Should've known it won't last for long lol. I still remember when I was younger I used to be grateful for the day I didn't have breakdowns that's how often I used to have them. It's funny how I was made to believe for years that everything would somehow work out on its own and when it didn't, I was blamed for believing.
I wonder if my older self would look at these moments like I look at my younger self days. Days which were better than they are now.
I kind of want to have proof of these incidents so that I can come back and see what I have survived.
I was conditioned to believe my parents were not shitty people but alas, they are. For a moment I would ignore the fact that they are very close minded people. I would also ignore how they have certain views about marriage that I personally do not agree with.
Today I was eating dinner with them. All of a sudden mother asks if my sister had gotten into a prestigious college or not. I said she didn't get in. I was then asked if I had gotten in any of the jobs I had applied for, I hadn't. My father laughed. My mother scoffed. I was told to apply for clerk or even peon post and ridiculed and then told, "it was just a joke."
I did not find it funny. I've never found your jokes funny.
If I can get through this I can through anything it seems. And I know I would survive this. I would believe more in myself because that's how I have decided to treat myself from now on. With respect, that is.
One of these days I'm going to make it big, not because I want to shut you all losers but because I deserve to be happy after all the hell you've put me through.
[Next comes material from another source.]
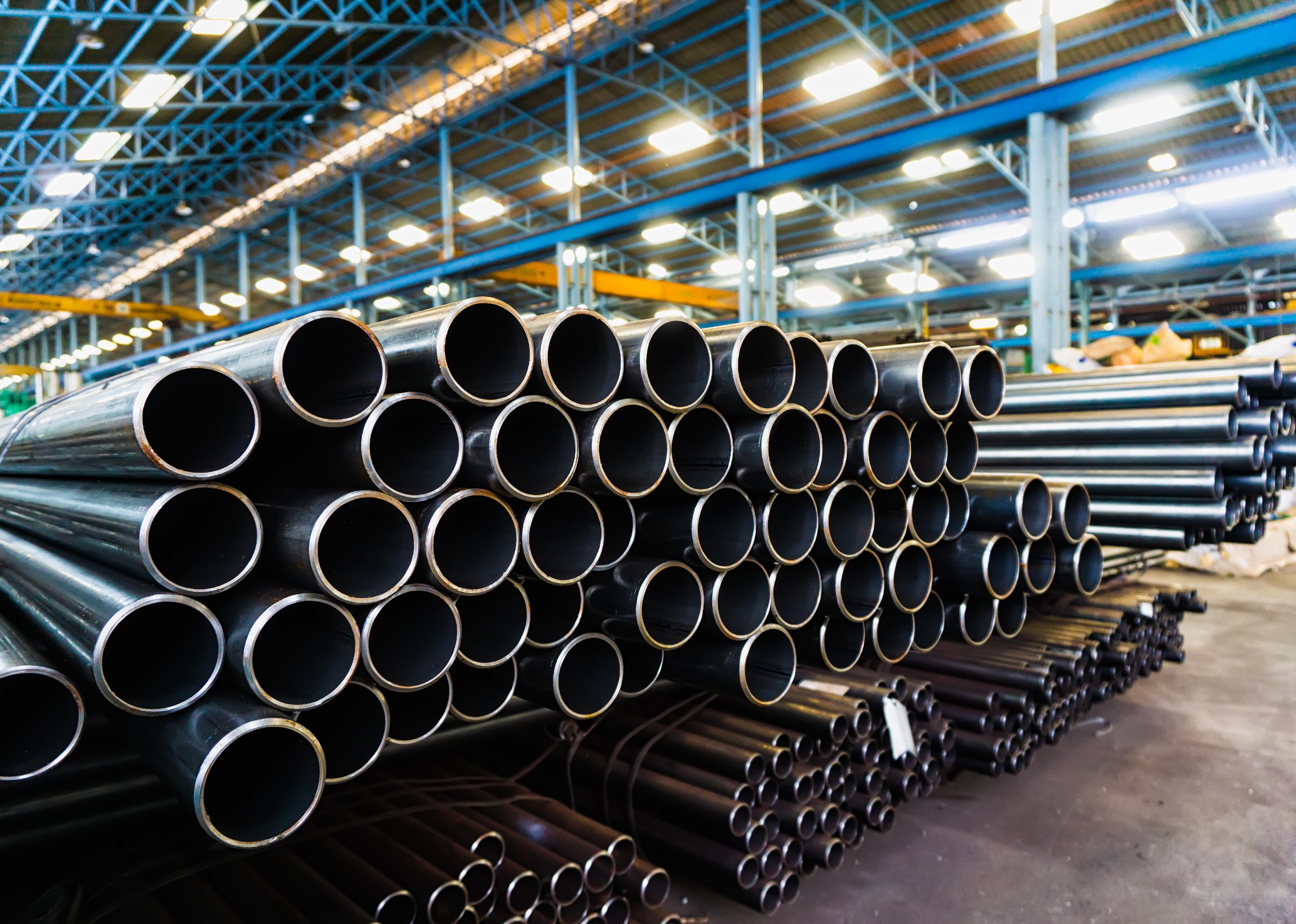 Steel pipe in a stack waiting for shipment.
That day you would lie about how you had believed in me but I would know that you hadn't believed in me because I would have this proof.
Anyways, I have realised I do have an idol now. Taylor Alison Swift. I know it's not as smart as having a scientist or i don't know having like someone like APJ Kalam as your idol but it is what it is. This woman has been through hell and survived. I too aspire to survived this shit I am in now.
You seem to be doing better than I am and I hate it.
Anyways.
I can do this.
Fighting me.
Also, I fucking love all Haikyuu characters.
Once I have means to earn tons of money I would buy all Haikyuu manga and cry while reading them because that's how much I love each and every one of them.